Existe não apenas uma coincidência acidental entre fé cristã e reconhecimento dos direitos humanos. A dignidade intrínseca à pessoa humana, que não depende de nenhuma condição ou capacidade particular, não é uma construção ou fruto de um contrato social arbitrário. Tampouco é uma obviedade com a qual todos se deparam obrigatoriamente na vida. É uma evidência, uma característica inerente a nosso ser, mas que precisa ser “descoberta” por cada um de nós ao longo de nossa vida. Depende, portanto, de uma cultura, dos ambientes familiar e social capazes de orientar o desenvolvimento da pessoa para essa descoberta. 

Descobrir-se amado é a experiência fundamental que leva à descoberta da própria dignidade e dos próprios direitos. Quanto mais alguém se percebe amado gratuitamente, mais facilmente descobre a própria dignidade. Quem não faz essa experiência ou associa o amor recebido a certos comportamentos (“amam-me porque sou bom”) ou atributos (“amam- -me porque tenho poder, sou bonito”) não consegue descobrir a própria dignidade natural ou a percebe de modo distorcido e individualista. 

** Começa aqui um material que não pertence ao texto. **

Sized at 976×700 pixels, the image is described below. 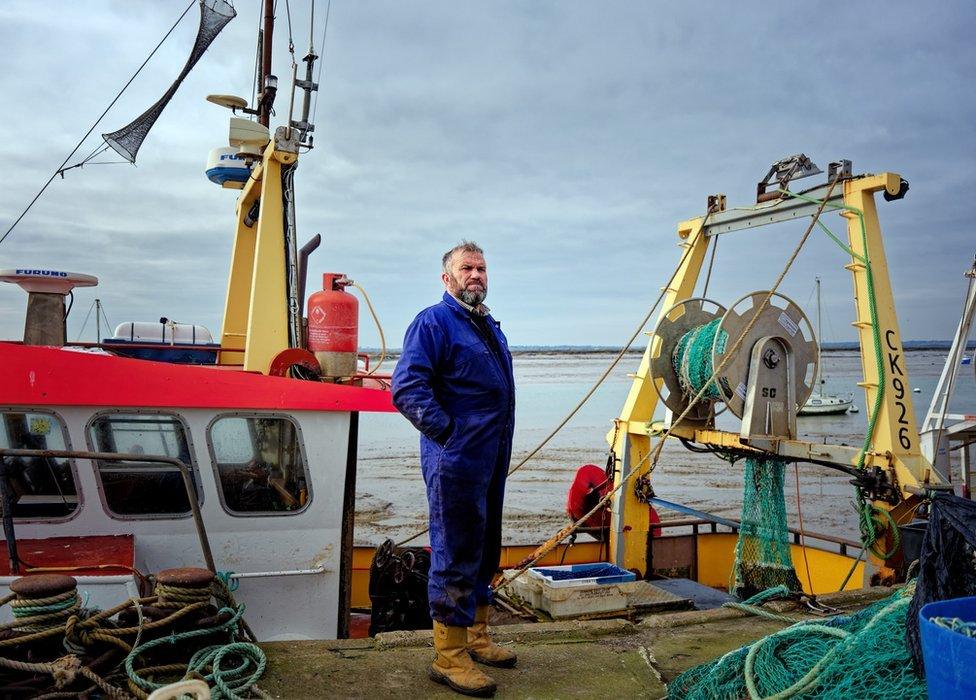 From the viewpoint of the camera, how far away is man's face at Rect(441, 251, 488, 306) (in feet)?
11.3

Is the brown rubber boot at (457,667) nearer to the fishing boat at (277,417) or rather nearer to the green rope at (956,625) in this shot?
the fishing boat at (277,417)

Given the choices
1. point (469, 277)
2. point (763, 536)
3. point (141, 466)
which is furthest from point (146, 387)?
point (763, 536)

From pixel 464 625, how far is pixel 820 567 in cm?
653

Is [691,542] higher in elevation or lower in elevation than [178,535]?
lower

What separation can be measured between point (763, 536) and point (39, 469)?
5362 mm

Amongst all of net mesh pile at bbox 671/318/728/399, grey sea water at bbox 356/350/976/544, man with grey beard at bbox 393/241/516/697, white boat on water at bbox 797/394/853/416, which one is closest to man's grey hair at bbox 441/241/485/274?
man with grey beard at bbox 393/241/516/697

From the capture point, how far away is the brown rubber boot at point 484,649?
3492 mm

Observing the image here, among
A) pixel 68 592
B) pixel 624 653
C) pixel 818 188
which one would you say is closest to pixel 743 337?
pixel 818 188

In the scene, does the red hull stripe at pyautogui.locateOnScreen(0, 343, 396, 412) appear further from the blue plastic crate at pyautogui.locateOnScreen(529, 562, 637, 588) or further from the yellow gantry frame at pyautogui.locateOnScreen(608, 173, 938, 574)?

Nossa civilização, mesmo que não nos lembremos disso hoje em dia, foi construída sobre o maior anúncio de amor gratuito da história: em Cristo, o próprio Deus se sacrificou pelo bem de sua criatura – não pelo bem de uma espécie humana genérica, mas pelo bem de cada um de nós em particular. Não há, na história, anúncio de uma dignidade maior e mais gratuita do que a ovelha perdida, que foi buscada pelo seu pastor em detrimento de todo o rebanho (Mt 18,10-14).

Essa experiência de ser amado, que se repete em cada família bem constituída, é a raiz da percepção da dignidade natural do ser humano e dos direitos humanos. Se o amor, porém, não é adequadamente recebido e compreendido, também a dignidade e os direitos da pessoa podem se extraviar.

Os direitos de uns não podem ser exercidos se outros não praticarem os próprios deveres. Todo direito humano implica um dever social. Nossa sociedade, contudo, quer direitos sem deveres, porque os deveres foram reduzidos a convenções sociais e não a expressões sociais do amor fraterno. 

Num contexto de crise e conflito, como o vivido por nós atualmente no Brasil, para que os direitos humanos de todos, inclusive de nós mesmos, sejam reconhecidos, cresce mais ainda o dever do amor fraterno, de olhar a dignidade inerente a cada um, antes de olharmos para sua condição ou ideologia.